Prima di lasciarvi al nuovo capitolo per farsi una mezza ideuzza su cosa ne pensa Blaine dell’incontro/scontro con Kurt, ci teniamo a ringraziare tutti coloro che hanno messo la storia tra preferite/seguite/ricordate, e chi ha recensito ç___ç Grazie mille :D
Non vi rubiamo altro tempo e vi lasciamo al nuovo capitolo, a presto ^_^

 
 
 
 
 
 
 
 
 
 
 
 
 
 
 
 
 
 
 
 
 
Non riesco a dormire. Saranno due ore che me ne sto qui, steso sul letto a fissare il soffitto. È noioso, è snervante.
Sono abituato ad arrivare a casa a orari indecenti ogni notte, e di solito sono talmente sfatto che non faccio nemmeno in tempo a raggiungere il letto che crollo addormentato.
 
E invece è quasi una settimana che non esco di sera. E non riesco a dormire.
 
Odio starmene qui al buio, in silenzio: ho bisogno di rumore, sempre e comunque. Qualunque tipo di rumore: traffico, bambinetti urlanti, gente che sproloquia e che puntualmente non sto a sentire.. Tutto, tranne il silenzio.

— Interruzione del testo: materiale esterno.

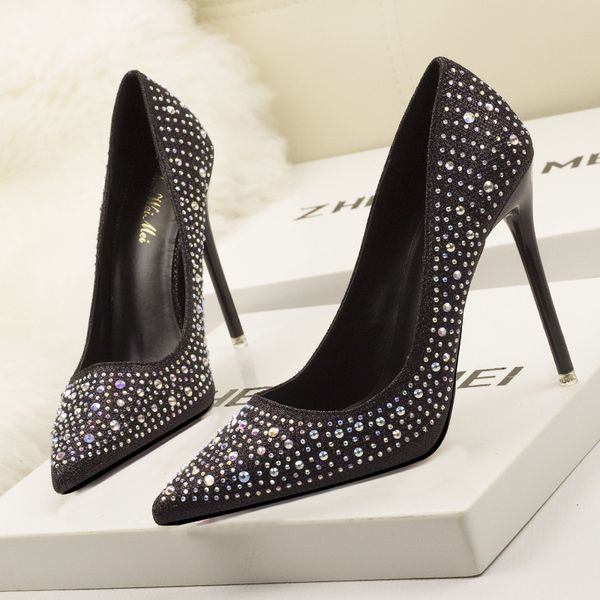 Hot Sale-Multi-Farben-Pumps Strass-Damenpumps Slip-on-glänzende High-Heel-Schuhe Damen-Stiletto-Super-High-Heel-Kleidschuhe zy578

Devo avere qualche suono che mi riempia il cervello, se no finisce come sta accadendo adesso: i miei pensieri vengono a galla.
 
Il problema è che non posso e non voglio sentirli. Tanto so già che strada prenderebbero: la tua vita fa schifo Blaine, sei un codardo Blaine,  non hai neanche le palle per cercare di cambiare le cose Blaine.

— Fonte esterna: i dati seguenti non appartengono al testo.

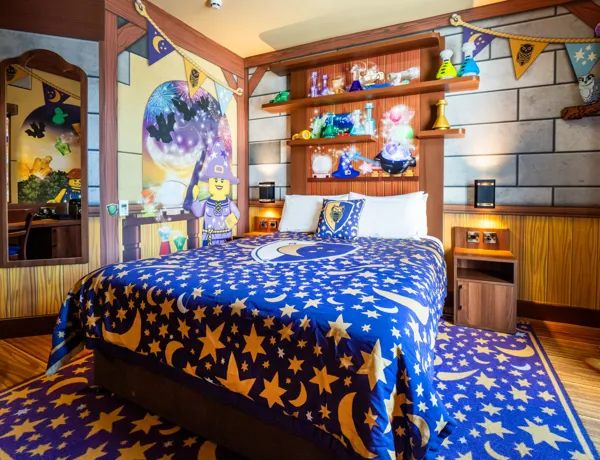 Adults area of a Wizard room in the LEGOLAND Castle Hotel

Ah. Dimenticavo il più ricorrente:
Sei un fottutissimo stronzo, Blaine.
 
Lo so, grazie tante.
Il fatto è che ci vivo da quando mi ricordo, in questo torpore quotidiano: la mia famiglia è piena di soldi, quando mio padre sarà abbastanza vecchio da andare in pensione erediterò la sua azienda e passerò il resto della mia vita a fingere di essere felice. Come sempre del resto.
 
Non che sia tutta colpa dei miei genitori se la mia esistenza è così priva di significato, ma diciamo che hanno fatto la loro buona parte.
 
Dopo il diploma non ho neanche fatto in tempo a mettere piede in casa che mi avevano già dato in mano un biglietto di sola andata per New York, con allegato l’indirizzo dell’appartamento che mi avevano comprato, così, come se fosse un maglione.
Sarebbe stato meglio per me diventare indipendente fin da subito, hanno detto. Io penso che si volessero semplicemente liberare di me, dato che da quando hanno scoperto che sono gay nemmeno riescono a guardarmi in faccia.
Punti di vista.
Comunque da quando sono qui la mia vita non è cambiata più di tanto: prima non facevo un cazzo in Ohio, adesso non faccio un cazzo a New York.
 
 
Più che altro bighellono per Central Park, trovo ogni scusa possibile per non starmene in casa, e faccio sesso.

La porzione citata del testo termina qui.